基本信息:
- 专利标题: METHOD FOR INJECTING HUMAN KNOWLEDGE INTO AI MODELS
- 申请号:PCT/EP2021/053548 申请日:2021-02-12
- 公开(公告)号:WO2021160857A1 公开(公告)日:2021-08-19
- 发明人: DALLI, Angelo , PIRRONE, Mauro
- 申请人: UMNAI LIMITED
- 申请人地址: Level 1 Quantum House
- 专利权人: UMNAI LIMITED
- 当前专利权人: UMNAI LIMITED
- 当前专利权人地址: Level 1 Quantum House
- 代理机构: HILL, Justin John et al.
- 优先权: US62/975,937 2020-02-13
- 主分类号: G06N3/08
- IPC分类号: G06N3/08 ; G06N5/04
摘要:
Human knowledge may be injected in an explainable AI system in order to improve the model's generalization error, model accuracy, interpretability of the model, avoid or eliminate bias, while providing a path towards the integration of connectionist systems with symbolic logic in a combined AI system. Human knowledge injection may be implemented by harnessing the white- box nature of explainable/interpretable models. In one exemplary embodiment, a user applies intuition to model-specific cases or exceptions.
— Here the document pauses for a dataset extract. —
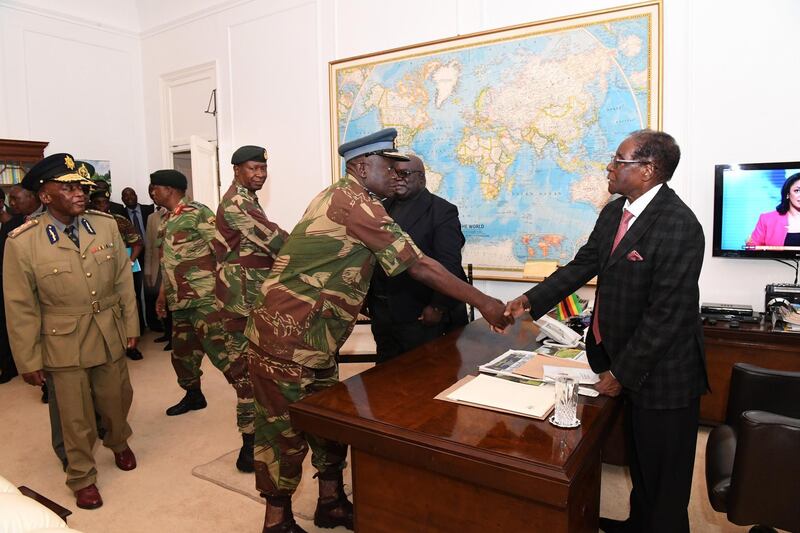 epa06340268 A handout photo made available by the Zimbabwean government through 'The Herald' daily newspaper on 20 November 2017 shows Zimbabwean President Robert Mugabe (R) greeting the Air Force of Zimbabwe Commander Perence Shiri (C) before a meeting with the country's military and security chiefs at the State House in Harare, Zimbabwe, 19 November 2017. Others are not identified. Mugabe in the broadcasted address declared that he plans to remain the country's president. Media reports that the deadline set by the the ruling Zanu-PF party for Robert Mugabe to resign has past on 20 November 2017 and later in the day Zanu-PF will meet to discuss the possible impeachment of President Mugabe.  EPA/THE HERALD HANDOUT  HANDOUT EDITORIAL USE ONLY/NO SALES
In another embodiment, an explainable model may be embedded in workflow systems which enable users to apply pre-hoc and post-hoc operations. A third exemplary embodiment implements human-assisted focusing. An exemplary embodiment also presents a method to train and refine explainable or interpretable models without losing the injected knowledge defined by humans when applying gradient descent techniques. The white-box nature of explainable models allows for precise source attribution and traceability of knowledge incorporated into the model.